In the first 20% of the front yard depth, walls/fences/hedges are limited to 3 ft. Beyond that area, they can reach 6 ft, but any portion above 3 ft must be open to public view. Walls/fences over 18 in must also sit 3 ft back from the front lot line with landscaping in front. See §10-3-2420(D).

Can I use synthetic turf in my Beverly Hills front yard?

Only during Council-declared Stage D drought periods, with strict coverage and placement limits. In the Central Area, synthetic turf can cover up to 70% of landscaped area and no more than 40% of the entire front yard, must stay 18 in off the front lot line, and cannot intrude into native/heritage tree driplines. Permits and detailed submittals are required. See §10-3-2423.5; similar limits apply in Trousdale/Hillside articles (§10-3-2619.5/§10-3-2519.5 excerpts).

What screening is required when a commercial property abuts a home?

A solid masonry wall at least 6 ft high (but not exceeding the residential edge’s maximum) must be built along the shared side or rear property line and finished on both sides. Landscaped setbacks reviewed by the Architectural Commission must also function as buffers/screens. A minor accommodation can allow a wall up to 10 ft if findings are met. See the Commercial–Residential Transition sections including §10-3-1954.

How do wall “tiers” work in the Hillside Area?

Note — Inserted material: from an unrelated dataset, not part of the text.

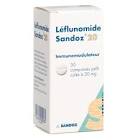 LEFLUNOMIDE Sandoz cpr pell 20 mg bte 30 pce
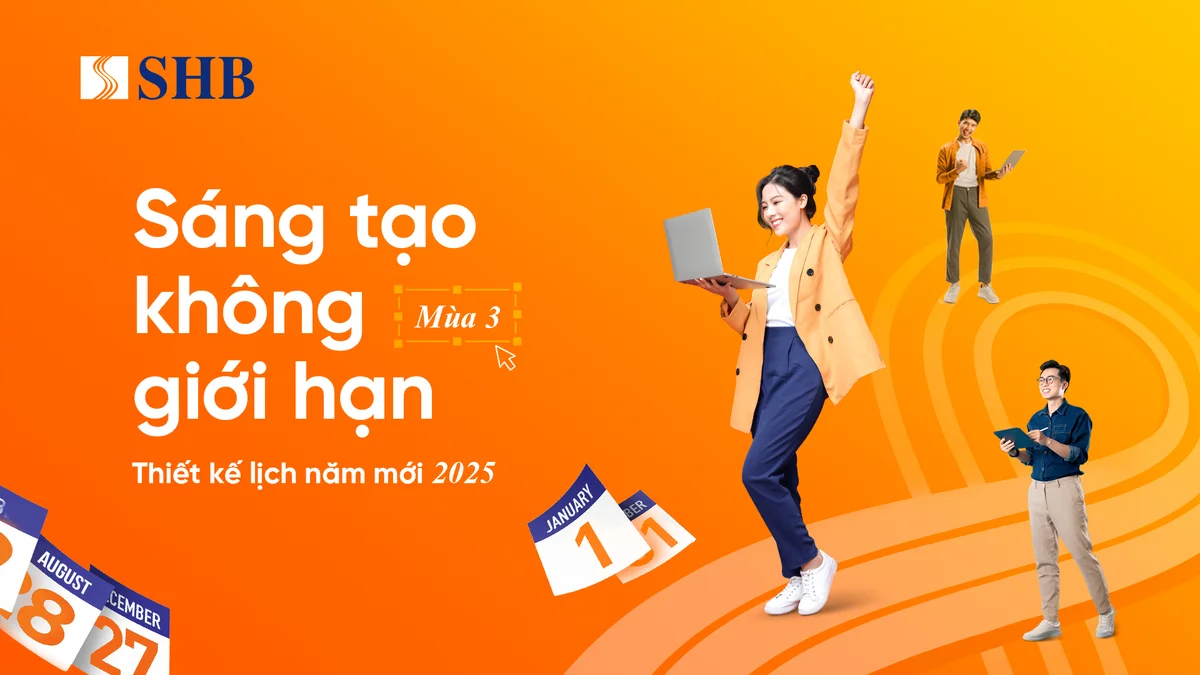 Cùng SHB thiết kế ấn phẩm xuân Ất Tỵ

If stacked/terraced wall segments total 7 ft or more in a perpendicular slice, you must insert a 10 ft landscaped strip between tiers, planted with vines or substantial vegetation, and keep the cumulative wall height within 12 ft across any 50 ft slice. Deviations may be considered with a Hillside R‑1 permit. See §10-3-2516(F).

Are there special hillside rules to protect views?

Yes. On downslope parcels where a fence would intersect the sightline from the upslope property to the LA basin, new fences cannot rise above 36 in above the upslope pad and must be open to view. Hedge heights are also capped based on upslope pad grade or 14 ft. See §10-3-2516(G).

Do mechanical units need to be screened?

In the Central Area, mechanical equipment may be allowed where it’s within the maximum wall/fence/hedge heights, screened from public view, and compliant with City noise regulations. See §10-3-2408(M) and its cross-reference to §10-3-2420.

What landscaping is required in the C‑5 Civic Center zone?

No more than 50% of the required setback may be paved; the rest must be fully landscaped consistent with the C‑5 character, and landscaping must not block visual access from the sidewalk to required open space. See §10-3-2011.

How do alley-adjacent side yards affect fence and hedge heights?

Where a side yard abuts an alley in the Central Area, wall/fence height may go to 10 ft, and hedges may reach 16 ft (front-yard rules still apply where relevant). See §10-3-2420(E)(1).

Is there a required landscaped strip next to street-side fences?

Yes. In the Central Area, any street-side wall/fence/hedge over 3 ft must either be open to public view or be set back an average 1 ft (minimum 6 in) from the street-side lot line to provide landscaping on the street side. See §10-3-2420(E).

Do I need Architectural Commission review for commercial landscaping?

Where commercial setback landscaping is required to function as a buffer/screen, a plan and a maintenance program must be reviewed and approved by the Architectural Commission. See §10-3-1954(A)–(B).